# TASK TO COMPLETE
Every line below from the one with "液体クロマトグラフ HPLC CELL TEMP CONTROLLER 写真2" through the one with "Sell 1-room apartment." should be retyped exactly, both ends included; no other lines and no pictures.

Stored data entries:
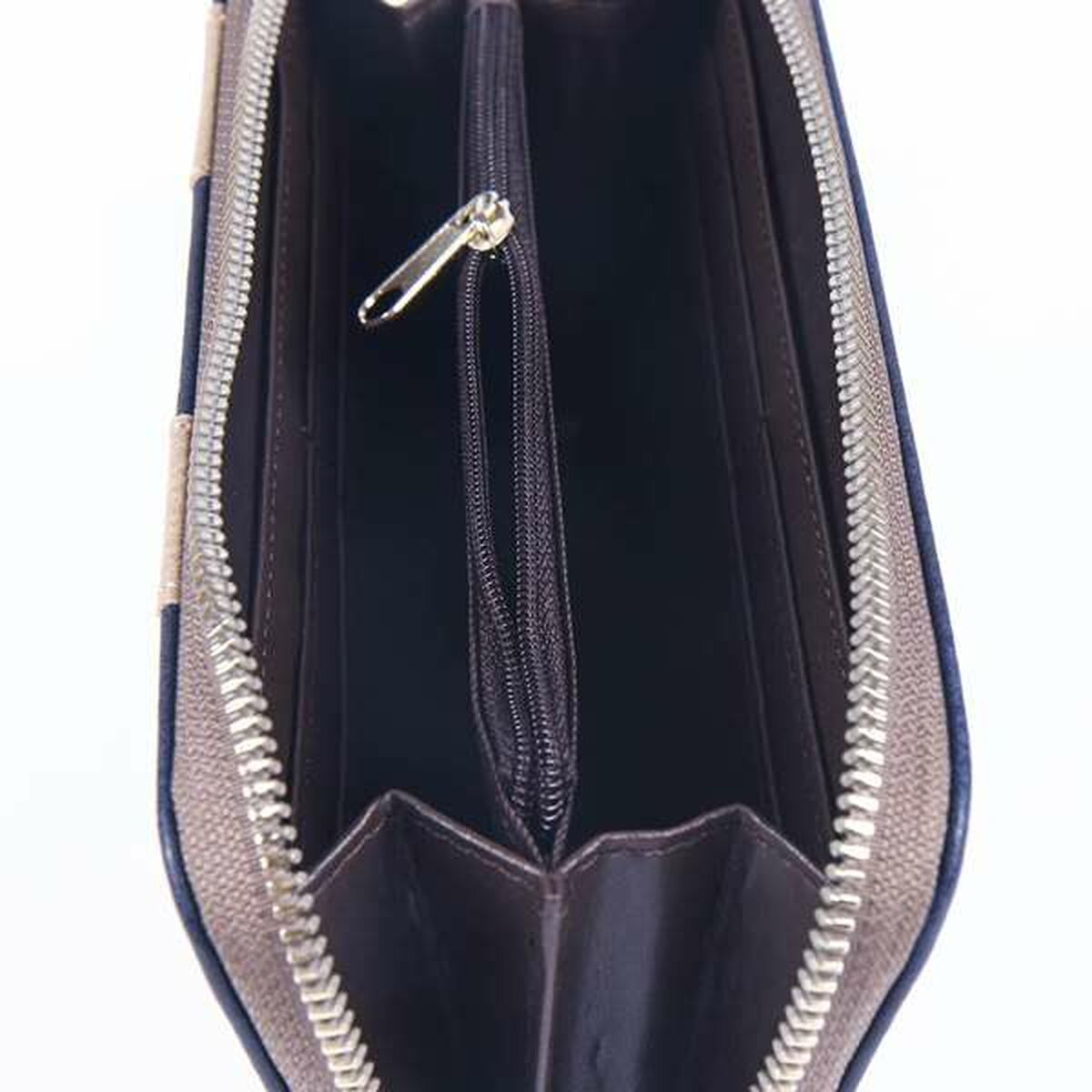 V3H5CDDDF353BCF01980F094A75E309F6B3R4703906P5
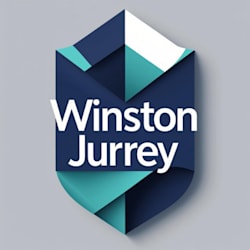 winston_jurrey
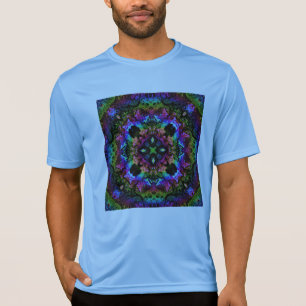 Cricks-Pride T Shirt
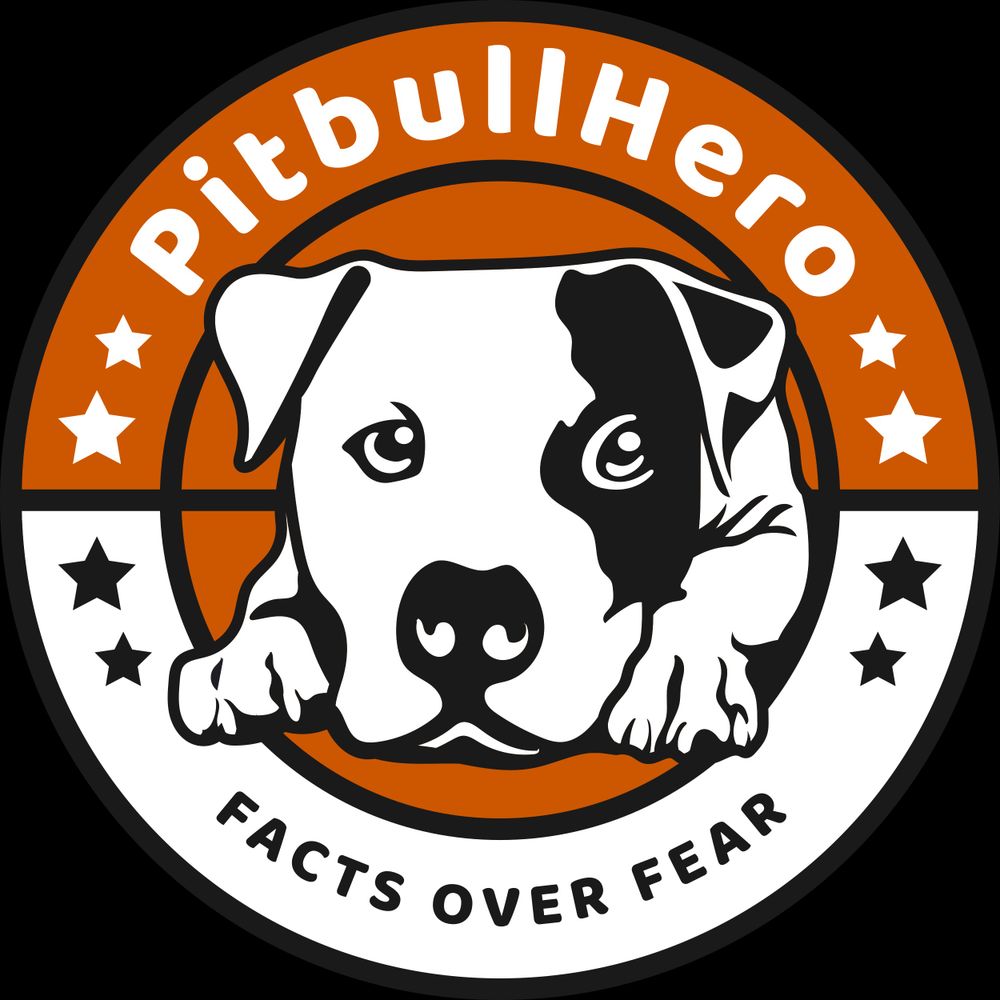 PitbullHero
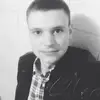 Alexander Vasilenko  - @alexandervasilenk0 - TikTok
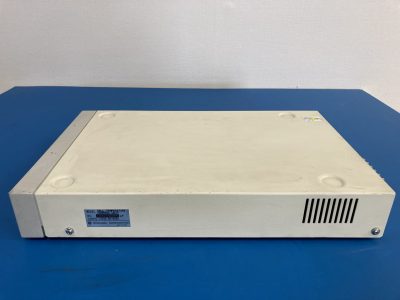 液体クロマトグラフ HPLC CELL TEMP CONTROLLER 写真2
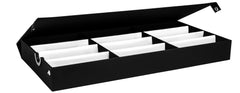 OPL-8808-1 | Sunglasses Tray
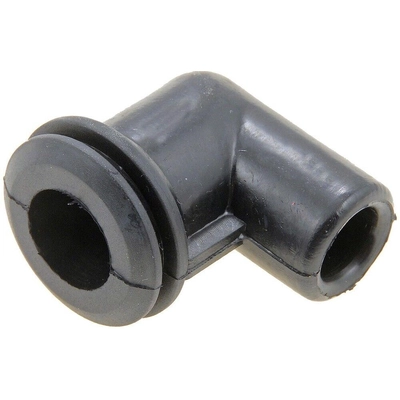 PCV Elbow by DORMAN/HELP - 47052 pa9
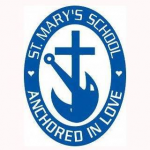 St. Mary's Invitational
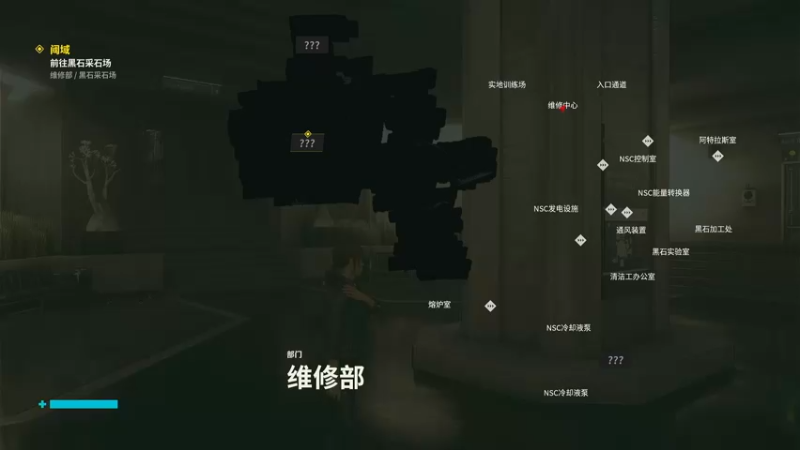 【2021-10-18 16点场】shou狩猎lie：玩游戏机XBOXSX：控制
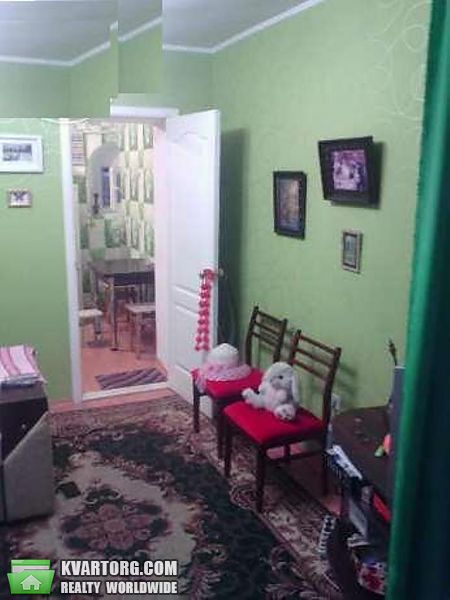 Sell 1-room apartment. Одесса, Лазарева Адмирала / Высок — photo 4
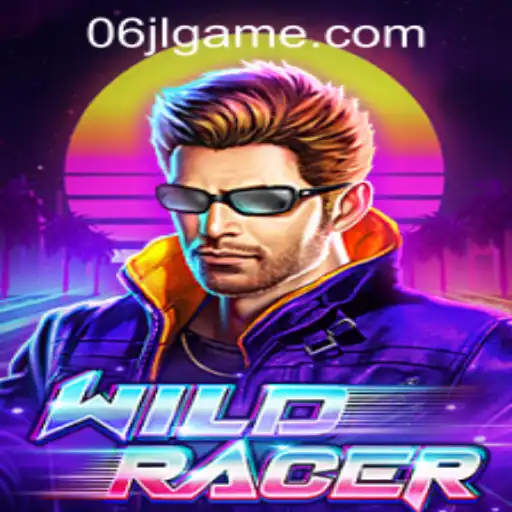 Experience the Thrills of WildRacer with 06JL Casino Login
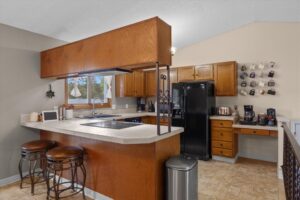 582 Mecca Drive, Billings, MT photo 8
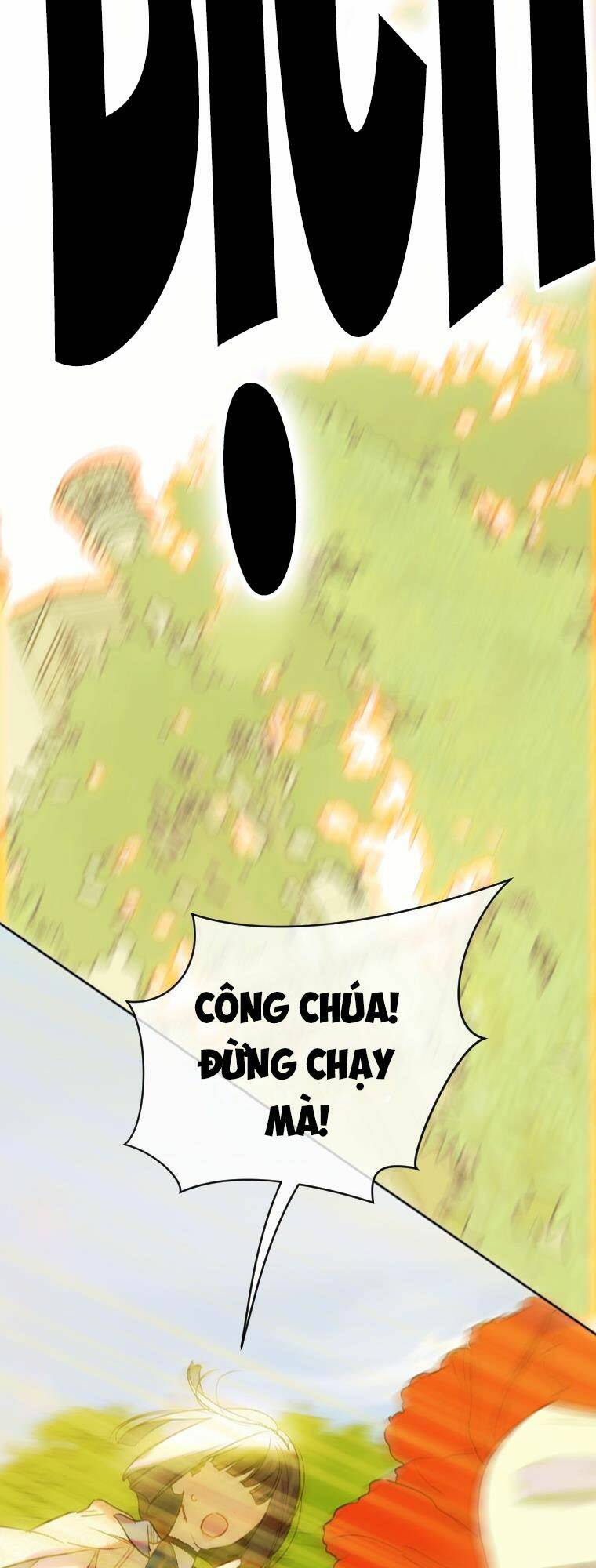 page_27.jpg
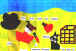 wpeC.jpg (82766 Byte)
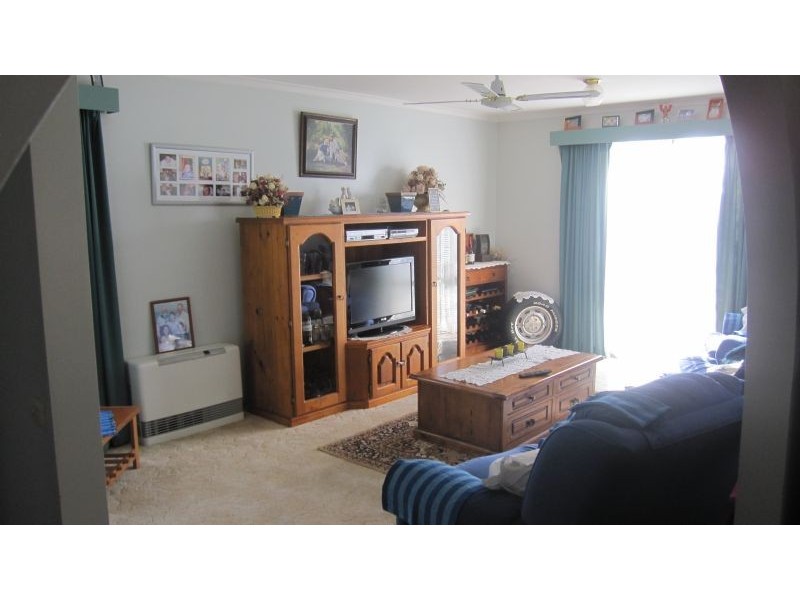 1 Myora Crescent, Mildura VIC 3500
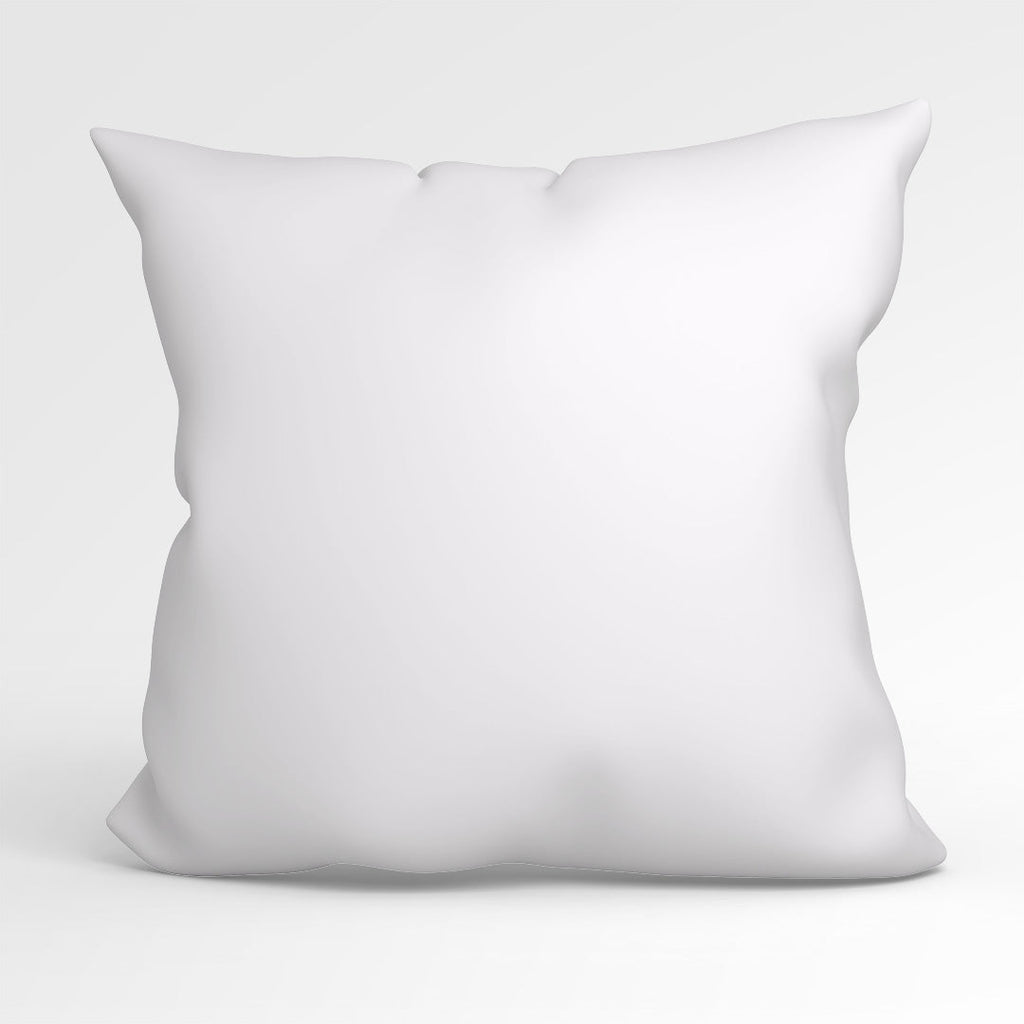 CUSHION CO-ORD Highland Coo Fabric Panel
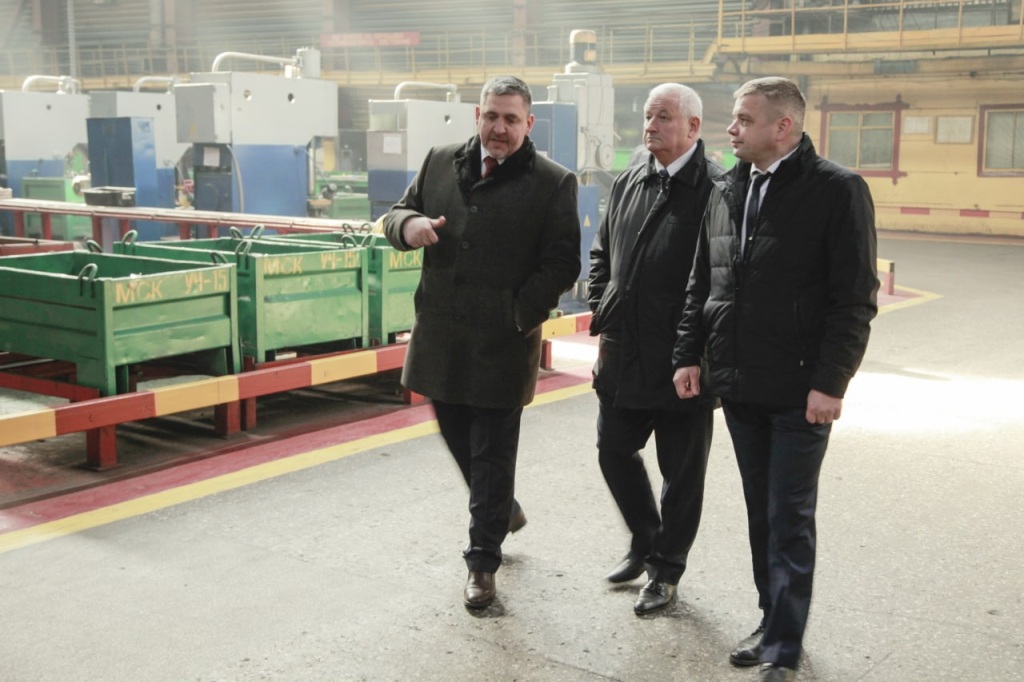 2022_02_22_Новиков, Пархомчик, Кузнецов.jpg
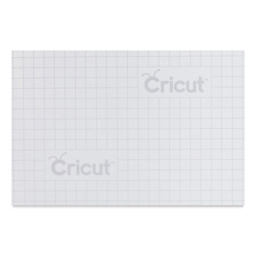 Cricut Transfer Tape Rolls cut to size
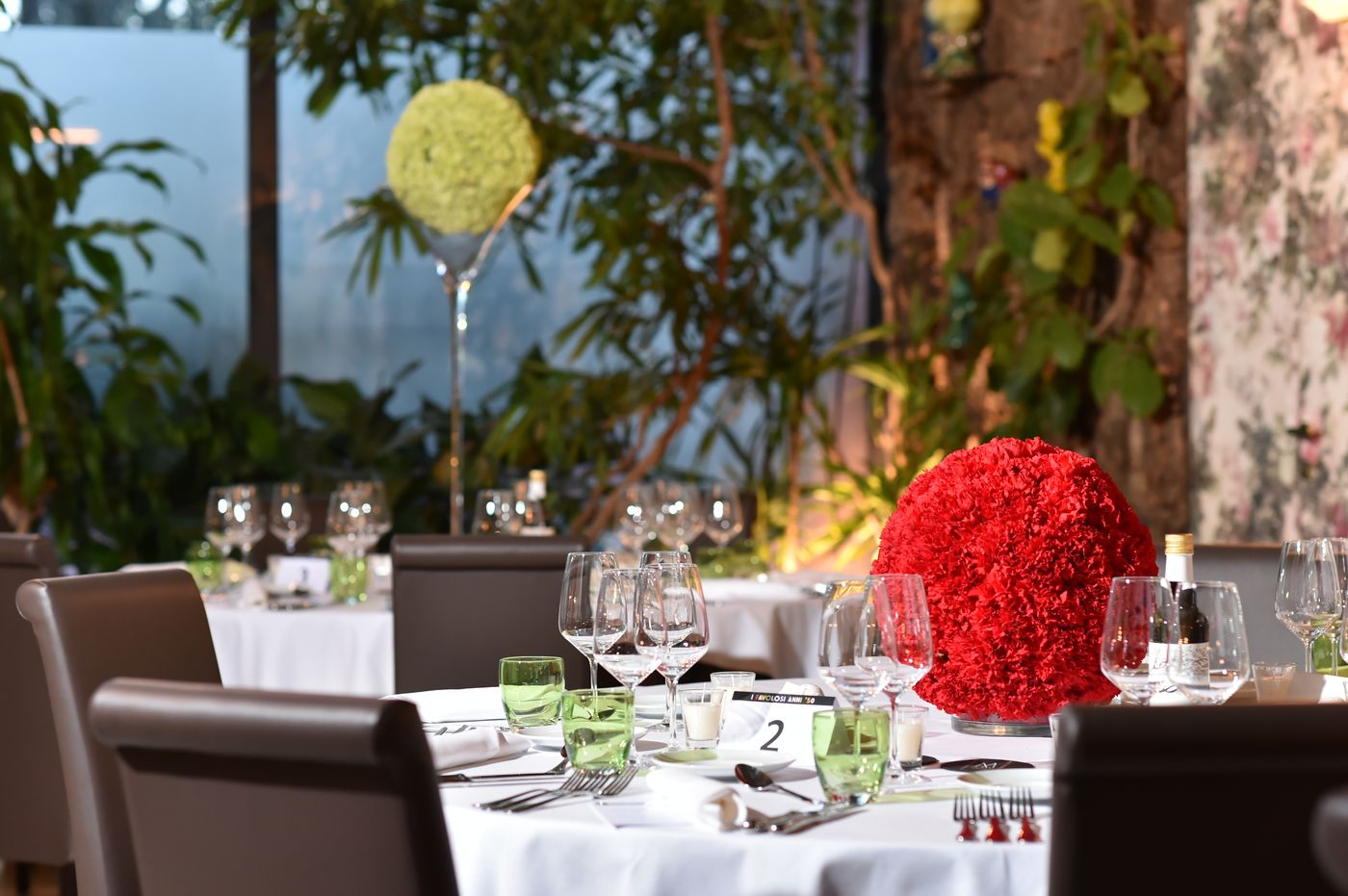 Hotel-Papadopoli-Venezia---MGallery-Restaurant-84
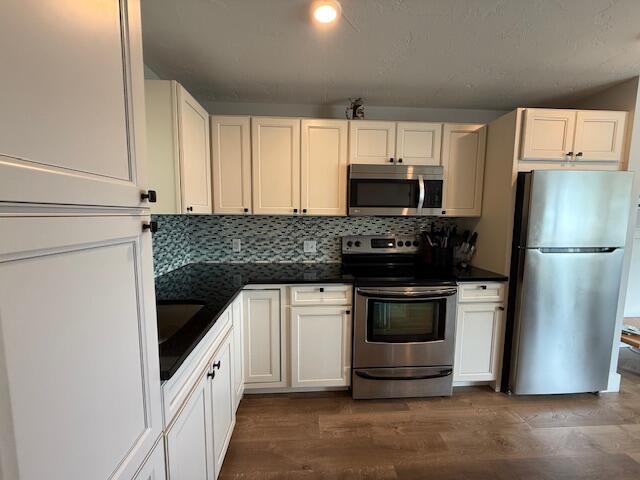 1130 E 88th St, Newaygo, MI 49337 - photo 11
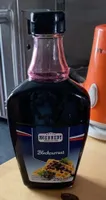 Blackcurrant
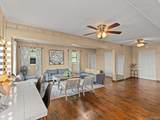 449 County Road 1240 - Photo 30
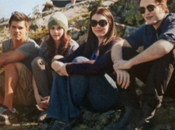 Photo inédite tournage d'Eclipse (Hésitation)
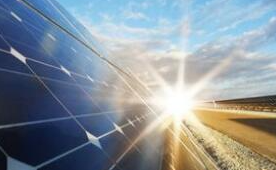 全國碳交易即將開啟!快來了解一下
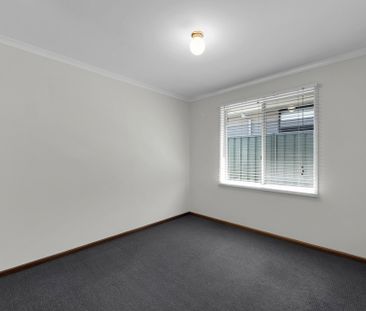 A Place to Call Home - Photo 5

# EXERCISE SOLUTION
 液体クロマトグラフ HPLC CELL TEMP CONTROLLER 写真2
 OPL-8808-1 | Sunglasses Tray
 PCV Elbow by DORMAN/HELP - 47052 pa9
 St. Mary's Invitational
 【2021-10-18 16点场】shou狩猎lie：玩游戏机XBOXSX：控制
 Sell 1-room apartment. Одесса, Лазарева Адмирала / Высок — photo 4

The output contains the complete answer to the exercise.